*Given data*.
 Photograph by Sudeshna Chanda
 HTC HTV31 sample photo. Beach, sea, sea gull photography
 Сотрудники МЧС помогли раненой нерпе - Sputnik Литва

*Task details*. The full listing above needs to be given again exactly.

*Completed task*.
 Photograph by Sudeshna Chanda
 HTC HTV31 sample photo. Beach, sea, sea gull photography
 Сотрудники МЧС помогли раненой нерпе - Sputnik Литва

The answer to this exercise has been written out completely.